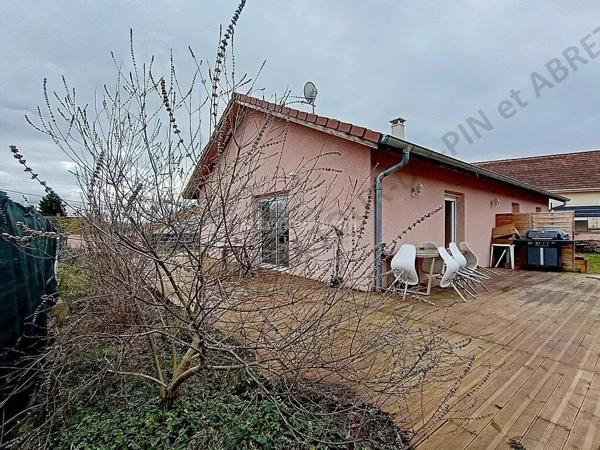 Vente                                                      Maison
                        
                     5 pièces                      89 m2                     à La Tour-du-Pin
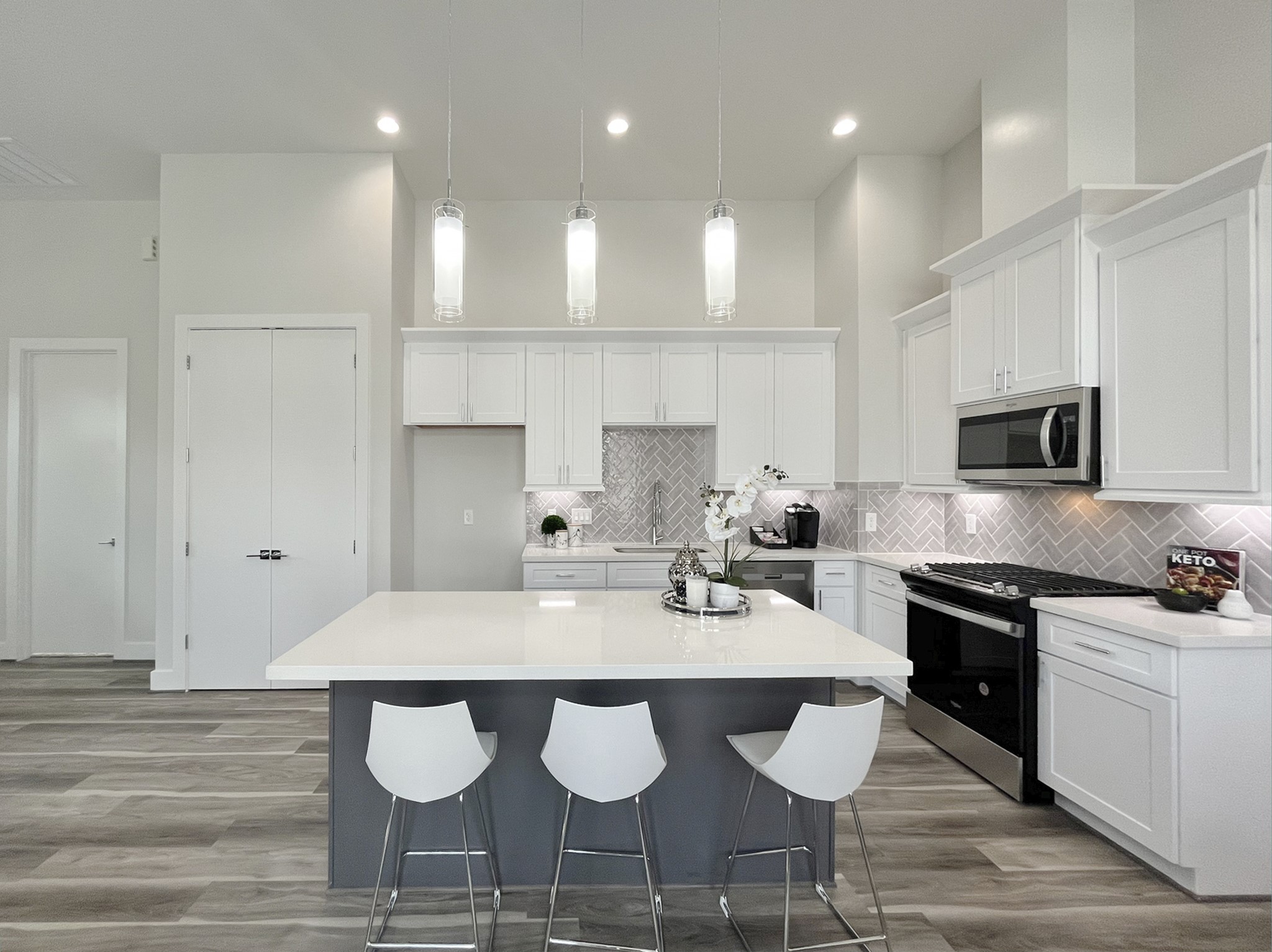 8316 Curry Road, Unit A Houston, TX 77093 - Photo 4 of 25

*Description of the task*.
The answer must be the full listing above, copied exactly, with no pictures in it.

*Exercise solution*.
 Vente                                                      Maison
                        
                     5 pièces                      89 m2                     à La Tour-du-Pin
 8316 Curry Road, Unit A Houston, TX 77093 - Photo 4 of 25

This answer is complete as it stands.